É curiosa esta trica, sobretudo vinda de um político extremamente preocupado com a comunicação. Esta declaração ao País, aliás como praticamente toda a comunicação política, partidária e/ou pública de Sócrates, foi aparentemente planeada ao detalhe. Os jornalistas foram previamente avisados de que deveria haver silêncio quando o Primeiro-Ministro entrasse na sala, evitando assim perdas de ritmo causadas pelas introduções dos jornalistas nos seus directos. Foram também alertados de que haveria lugar apenas a três perguntas (uma para cada estação televisiva).

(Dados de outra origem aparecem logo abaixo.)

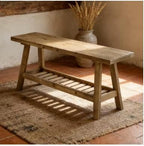 Farmhouse Rustic Wood Dining Table & Chairs with Shelves, Entryway Shoe Bench and Bedside Bench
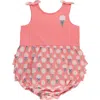 Rufflebutts Baby/toddler Knit Tie Shoulder Bubble Romper In Multi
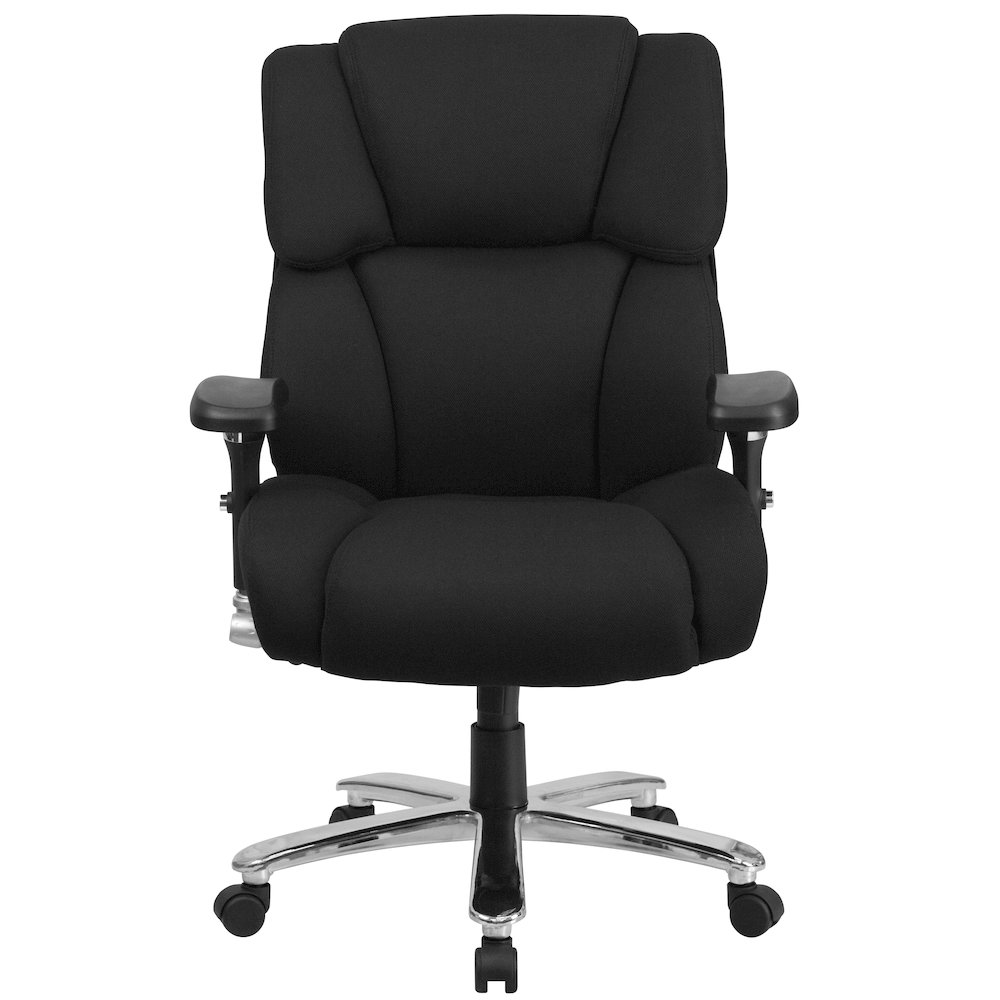 400 lb. Rated Black Fabric Executive Office Chair with Lumbar Knob. Picture 11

Depois, acabou por deixar espaço para mais duas questões, às quais respondeu lateralmente, ou seja, «deu o corpo às balas», numa atitude corajosa, mas não avisou que tinha um colete blindado.
O Primeiro-Ministro José Sócrates apareceu sozinho, num espaço amplo, com as câmaras colocadas a uma distância que o deixavam isolado, centrando em si, claramente, todas as atenções. Este homem, solitário, austero, obstinado pelo «bem da nação», do qual se conhece muito pouco do dia-a-dia da vida privada, faz-me lembrar alguém com características semelhantes. Será mesmo disto que a gente precisa?
Caro Ivo
Permita-me 2 comentários a 2 pontos:
1º Discordo que “…então a comunicação social não fez mais do que o seu dever” nesta questão. Nesta e noutras. Não sei se o papel da comunicação social é tornar públicos documentos (mais ou menos) confidenciais. Não sei se este e outros casos envolvendo figuras públicas não começa a ser julgado demasiado cedo, antes mesmo de chegar a tribunal, por causa da comunicação social. E não sei se certos meios de comunicação têm distância e imparcialidade suficientes qundo tratam estes casos.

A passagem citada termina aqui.